ABSTRACT Tumor necrosis factor (TNF)-induced inflammation prevents its broad application as an antitumor agent. We here report that addition of ZnSO(4) to the drinking water of mice induces expression of heat shock protein 70 (HSP70) in several organs, notably the gastrointestinal track. Zinc conferred dose-responsive protection against TNF-induced hypothermia, systemic induction of interleukin-6 and NO(x), as well as against TNF-induced bowel cell death and death of the organism.

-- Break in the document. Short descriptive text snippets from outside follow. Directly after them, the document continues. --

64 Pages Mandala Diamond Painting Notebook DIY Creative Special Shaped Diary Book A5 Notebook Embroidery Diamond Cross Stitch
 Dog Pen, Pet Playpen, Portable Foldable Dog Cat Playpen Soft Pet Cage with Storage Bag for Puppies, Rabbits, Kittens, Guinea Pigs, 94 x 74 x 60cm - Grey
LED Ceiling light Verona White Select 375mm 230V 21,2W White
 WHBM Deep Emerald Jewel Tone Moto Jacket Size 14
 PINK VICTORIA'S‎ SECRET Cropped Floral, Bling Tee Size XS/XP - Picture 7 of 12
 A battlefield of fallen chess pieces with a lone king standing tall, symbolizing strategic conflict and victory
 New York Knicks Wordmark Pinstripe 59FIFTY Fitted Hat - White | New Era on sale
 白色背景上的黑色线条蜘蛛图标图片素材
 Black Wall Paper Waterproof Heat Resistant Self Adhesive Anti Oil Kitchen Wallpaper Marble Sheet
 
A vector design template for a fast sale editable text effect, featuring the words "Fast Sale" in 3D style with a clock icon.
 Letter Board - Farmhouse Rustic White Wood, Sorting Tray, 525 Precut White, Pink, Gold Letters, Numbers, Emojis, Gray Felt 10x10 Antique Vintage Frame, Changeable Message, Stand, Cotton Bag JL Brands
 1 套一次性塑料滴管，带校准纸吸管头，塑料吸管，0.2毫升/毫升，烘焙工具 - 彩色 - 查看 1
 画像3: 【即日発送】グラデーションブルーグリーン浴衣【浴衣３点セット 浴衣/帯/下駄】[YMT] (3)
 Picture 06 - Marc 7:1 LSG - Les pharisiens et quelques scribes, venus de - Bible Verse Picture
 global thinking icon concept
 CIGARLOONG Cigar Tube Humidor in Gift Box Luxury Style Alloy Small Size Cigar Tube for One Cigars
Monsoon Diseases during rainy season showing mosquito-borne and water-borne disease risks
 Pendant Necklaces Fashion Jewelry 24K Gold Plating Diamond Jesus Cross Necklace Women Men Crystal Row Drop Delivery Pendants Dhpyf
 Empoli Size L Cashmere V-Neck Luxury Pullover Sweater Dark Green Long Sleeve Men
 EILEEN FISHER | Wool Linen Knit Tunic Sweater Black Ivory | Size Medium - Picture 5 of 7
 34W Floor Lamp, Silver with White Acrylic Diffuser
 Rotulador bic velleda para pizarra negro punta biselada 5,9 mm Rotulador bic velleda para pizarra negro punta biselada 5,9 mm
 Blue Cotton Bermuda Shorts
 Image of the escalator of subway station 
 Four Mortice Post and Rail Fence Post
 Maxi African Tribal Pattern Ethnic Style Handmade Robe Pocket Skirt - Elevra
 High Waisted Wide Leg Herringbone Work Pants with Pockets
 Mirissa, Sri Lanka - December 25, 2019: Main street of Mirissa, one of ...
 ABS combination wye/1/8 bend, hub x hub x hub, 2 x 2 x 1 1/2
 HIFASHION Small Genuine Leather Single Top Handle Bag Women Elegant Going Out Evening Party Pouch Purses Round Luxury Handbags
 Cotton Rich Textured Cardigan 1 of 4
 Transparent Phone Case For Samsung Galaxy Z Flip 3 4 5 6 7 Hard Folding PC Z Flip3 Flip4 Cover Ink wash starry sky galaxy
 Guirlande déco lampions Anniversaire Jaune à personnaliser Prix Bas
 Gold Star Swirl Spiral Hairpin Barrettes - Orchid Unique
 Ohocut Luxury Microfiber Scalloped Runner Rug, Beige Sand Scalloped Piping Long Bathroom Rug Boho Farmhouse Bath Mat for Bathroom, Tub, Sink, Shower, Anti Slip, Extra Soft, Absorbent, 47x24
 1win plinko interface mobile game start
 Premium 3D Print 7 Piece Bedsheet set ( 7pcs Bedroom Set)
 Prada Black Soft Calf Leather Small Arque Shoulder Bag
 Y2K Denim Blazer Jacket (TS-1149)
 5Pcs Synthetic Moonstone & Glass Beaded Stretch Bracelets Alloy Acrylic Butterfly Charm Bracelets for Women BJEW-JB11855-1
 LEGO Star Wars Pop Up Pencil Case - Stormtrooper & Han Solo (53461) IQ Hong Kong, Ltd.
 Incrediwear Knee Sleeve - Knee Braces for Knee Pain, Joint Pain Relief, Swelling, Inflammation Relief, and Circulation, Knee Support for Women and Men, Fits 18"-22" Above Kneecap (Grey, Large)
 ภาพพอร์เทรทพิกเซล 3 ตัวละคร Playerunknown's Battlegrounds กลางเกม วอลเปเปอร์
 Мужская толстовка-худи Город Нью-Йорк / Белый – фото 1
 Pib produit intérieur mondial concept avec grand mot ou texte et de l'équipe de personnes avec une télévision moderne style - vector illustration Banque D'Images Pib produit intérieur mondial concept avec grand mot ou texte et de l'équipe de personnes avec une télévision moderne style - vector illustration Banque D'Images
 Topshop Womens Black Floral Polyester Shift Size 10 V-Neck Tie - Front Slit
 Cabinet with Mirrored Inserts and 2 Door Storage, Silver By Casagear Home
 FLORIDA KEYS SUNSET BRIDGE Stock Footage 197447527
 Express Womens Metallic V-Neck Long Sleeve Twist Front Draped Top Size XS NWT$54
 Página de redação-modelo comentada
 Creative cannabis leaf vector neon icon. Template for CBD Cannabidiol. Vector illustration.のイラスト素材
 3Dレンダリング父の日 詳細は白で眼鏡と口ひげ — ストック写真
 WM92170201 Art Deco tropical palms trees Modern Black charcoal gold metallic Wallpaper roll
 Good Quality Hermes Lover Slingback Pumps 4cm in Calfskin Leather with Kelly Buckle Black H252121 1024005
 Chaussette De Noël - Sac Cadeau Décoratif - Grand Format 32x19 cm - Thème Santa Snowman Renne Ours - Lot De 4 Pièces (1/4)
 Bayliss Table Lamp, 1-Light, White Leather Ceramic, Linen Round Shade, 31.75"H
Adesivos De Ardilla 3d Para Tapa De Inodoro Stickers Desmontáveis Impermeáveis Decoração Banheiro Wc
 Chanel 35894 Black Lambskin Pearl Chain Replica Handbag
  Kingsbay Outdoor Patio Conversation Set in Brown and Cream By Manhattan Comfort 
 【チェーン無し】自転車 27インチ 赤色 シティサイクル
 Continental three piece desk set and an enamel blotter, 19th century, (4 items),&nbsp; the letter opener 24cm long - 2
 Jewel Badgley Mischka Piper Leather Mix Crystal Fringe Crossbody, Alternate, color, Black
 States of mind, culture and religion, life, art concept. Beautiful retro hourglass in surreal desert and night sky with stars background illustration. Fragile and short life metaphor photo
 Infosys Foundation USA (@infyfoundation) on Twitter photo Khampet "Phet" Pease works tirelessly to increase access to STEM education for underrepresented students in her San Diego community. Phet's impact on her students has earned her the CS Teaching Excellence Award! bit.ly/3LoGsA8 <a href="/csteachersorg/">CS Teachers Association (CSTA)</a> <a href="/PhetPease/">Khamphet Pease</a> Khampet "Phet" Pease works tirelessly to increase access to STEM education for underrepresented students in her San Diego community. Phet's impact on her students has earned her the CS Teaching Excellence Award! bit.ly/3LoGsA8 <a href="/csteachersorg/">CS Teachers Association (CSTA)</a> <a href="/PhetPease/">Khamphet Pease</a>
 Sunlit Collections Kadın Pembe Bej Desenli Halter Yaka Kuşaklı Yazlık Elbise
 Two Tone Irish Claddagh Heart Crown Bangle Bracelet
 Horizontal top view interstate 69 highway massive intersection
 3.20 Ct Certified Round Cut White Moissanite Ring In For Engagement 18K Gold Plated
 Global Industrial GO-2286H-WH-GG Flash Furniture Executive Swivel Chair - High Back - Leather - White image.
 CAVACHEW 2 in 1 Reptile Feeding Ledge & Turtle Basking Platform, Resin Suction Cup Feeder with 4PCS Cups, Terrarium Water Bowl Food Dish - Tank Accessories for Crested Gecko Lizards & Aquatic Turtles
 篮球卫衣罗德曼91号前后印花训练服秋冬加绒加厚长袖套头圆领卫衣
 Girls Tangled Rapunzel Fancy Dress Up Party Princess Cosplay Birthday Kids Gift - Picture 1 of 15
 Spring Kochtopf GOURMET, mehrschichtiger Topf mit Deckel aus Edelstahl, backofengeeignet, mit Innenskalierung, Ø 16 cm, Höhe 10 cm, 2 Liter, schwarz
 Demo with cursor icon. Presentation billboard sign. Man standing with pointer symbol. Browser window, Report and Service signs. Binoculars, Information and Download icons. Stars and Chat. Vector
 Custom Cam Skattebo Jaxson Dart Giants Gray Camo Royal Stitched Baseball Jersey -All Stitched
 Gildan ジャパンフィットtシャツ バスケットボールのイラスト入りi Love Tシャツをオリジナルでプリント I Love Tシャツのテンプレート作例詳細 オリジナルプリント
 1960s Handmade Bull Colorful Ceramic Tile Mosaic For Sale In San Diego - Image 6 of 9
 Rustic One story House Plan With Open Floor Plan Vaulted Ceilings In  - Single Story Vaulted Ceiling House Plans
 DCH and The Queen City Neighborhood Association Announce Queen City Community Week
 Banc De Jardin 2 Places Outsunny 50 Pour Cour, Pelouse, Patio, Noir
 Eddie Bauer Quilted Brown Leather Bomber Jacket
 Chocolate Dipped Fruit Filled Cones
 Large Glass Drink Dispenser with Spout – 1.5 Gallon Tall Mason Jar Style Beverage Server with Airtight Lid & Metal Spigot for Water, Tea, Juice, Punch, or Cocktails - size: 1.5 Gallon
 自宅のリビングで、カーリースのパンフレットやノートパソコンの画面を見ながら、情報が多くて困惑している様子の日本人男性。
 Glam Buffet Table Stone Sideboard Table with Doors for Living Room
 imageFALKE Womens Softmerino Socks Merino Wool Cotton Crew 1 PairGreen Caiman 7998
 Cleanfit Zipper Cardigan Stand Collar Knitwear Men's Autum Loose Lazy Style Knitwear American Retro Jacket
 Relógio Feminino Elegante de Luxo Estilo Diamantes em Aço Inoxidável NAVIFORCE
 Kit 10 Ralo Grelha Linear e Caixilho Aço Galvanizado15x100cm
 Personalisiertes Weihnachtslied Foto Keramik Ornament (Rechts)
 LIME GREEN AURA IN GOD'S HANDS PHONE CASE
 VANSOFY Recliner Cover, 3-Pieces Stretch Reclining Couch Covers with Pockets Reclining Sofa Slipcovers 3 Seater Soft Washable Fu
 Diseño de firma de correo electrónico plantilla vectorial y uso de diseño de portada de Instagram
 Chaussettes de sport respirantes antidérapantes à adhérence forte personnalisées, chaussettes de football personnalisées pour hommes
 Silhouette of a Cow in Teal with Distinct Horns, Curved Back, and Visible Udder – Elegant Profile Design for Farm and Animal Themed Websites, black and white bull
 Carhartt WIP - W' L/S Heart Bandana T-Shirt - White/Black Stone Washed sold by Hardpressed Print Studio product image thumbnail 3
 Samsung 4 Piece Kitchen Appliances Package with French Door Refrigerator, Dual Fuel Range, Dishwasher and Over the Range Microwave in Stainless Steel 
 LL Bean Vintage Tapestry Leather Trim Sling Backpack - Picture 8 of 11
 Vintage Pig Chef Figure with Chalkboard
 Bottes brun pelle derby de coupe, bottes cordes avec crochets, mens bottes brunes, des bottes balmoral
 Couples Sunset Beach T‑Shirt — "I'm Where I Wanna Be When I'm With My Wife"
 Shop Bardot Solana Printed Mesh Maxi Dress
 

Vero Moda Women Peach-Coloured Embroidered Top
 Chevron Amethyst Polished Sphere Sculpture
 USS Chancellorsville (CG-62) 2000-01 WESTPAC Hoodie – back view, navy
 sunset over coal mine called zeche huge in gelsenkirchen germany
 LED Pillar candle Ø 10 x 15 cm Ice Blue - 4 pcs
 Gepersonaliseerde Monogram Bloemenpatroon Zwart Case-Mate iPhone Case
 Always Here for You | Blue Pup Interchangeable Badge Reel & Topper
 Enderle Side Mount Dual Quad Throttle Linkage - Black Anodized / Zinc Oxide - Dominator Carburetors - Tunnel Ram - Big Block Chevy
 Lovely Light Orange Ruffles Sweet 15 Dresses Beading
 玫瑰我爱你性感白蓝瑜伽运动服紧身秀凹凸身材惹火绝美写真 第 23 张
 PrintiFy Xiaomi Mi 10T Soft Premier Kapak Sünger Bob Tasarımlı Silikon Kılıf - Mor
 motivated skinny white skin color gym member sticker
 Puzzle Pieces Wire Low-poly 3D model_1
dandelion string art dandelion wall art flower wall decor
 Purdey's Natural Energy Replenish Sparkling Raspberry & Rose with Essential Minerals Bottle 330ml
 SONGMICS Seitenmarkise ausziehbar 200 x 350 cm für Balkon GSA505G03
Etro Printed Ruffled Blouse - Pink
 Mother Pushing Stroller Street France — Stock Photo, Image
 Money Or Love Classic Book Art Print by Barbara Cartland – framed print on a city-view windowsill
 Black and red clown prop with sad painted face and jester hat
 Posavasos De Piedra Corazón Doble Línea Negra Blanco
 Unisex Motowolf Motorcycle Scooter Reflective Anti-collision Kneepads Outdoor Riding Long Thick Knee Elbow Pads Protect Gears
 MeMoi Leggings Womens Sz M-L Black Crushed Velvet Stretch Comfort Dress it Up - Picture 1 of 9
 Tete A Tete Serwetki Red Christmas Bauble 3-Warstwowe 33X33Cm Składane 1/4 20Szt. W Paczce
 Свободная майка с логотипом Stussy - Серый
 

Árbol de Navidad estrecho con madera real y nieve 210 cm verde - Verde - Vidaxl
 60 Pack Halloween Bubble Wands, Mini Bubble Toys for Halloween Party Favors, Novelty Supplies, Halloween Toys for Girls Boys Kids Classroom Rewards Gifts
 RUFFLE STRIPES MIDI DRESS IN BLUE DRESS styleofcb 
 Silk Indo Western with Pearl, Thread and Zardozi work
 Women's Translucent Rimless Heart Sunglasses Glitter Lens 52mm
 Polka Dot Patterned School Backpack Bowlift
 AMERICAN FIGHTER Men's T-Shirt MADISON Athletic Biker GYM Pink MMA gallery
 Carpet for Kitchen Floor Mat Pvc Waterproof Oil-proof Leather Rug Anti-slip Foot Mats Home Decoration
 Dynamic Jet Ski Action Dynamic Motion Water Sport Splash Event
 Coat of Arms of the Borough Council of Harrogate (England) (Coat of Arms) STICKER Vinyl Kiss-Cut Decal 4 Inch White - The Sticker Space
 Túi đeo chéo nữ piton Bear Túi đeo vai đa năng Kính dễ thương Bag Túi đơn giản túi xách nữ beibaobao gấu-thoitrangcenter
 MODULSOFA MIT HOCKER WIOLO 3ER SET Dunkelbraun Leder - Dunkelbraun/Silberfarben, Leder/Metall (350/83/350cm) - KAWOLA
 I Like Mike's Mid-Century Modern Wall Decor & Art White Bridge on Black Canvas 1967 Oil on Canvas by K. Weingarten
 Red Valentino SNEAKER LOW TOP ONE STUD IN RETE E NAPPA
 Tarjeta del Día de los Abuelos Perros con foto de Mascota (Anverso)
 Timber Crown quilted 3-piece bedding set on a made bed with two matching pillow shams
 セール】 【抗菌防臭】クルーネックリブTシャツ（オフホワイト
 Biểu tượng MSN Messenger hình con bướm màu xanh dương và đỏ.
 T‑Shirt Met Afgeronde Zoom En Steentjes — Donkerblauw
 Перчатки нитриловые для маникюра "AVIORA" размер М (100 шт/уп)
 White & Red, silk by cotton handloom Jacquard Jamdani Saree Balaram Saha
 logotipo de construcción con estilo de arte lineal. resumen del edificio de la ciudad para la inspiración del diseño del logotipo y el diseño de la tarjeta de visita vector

The protective effect of zinc was completely absent in mice deficient in the major HSP70-inducible gene, hsp70.1, whereas transgenic mice constitutively expressing the human HSP70.A gene, under control of a beta-actin promoter, was also protected against TNF, indicating that an increase in HSP70 is necessary and sufficient to confer protection. The therapeutic potential of the protection induced by ZnSO(4) was clearly shown in a TNF/IFNgamma-based antitumor therapy using three different tumor models. In hsp70.1 wild-type mice, but not in hsp70.1-deficient mice, zinc very significantly protected against lethality but left the antitumor effect intact. We conclude that zinc protects against TNF in a HSP70-dependent way and that protection by zinc could be helpful in developing a safer anticancer therapy with TNF/IFNgamma.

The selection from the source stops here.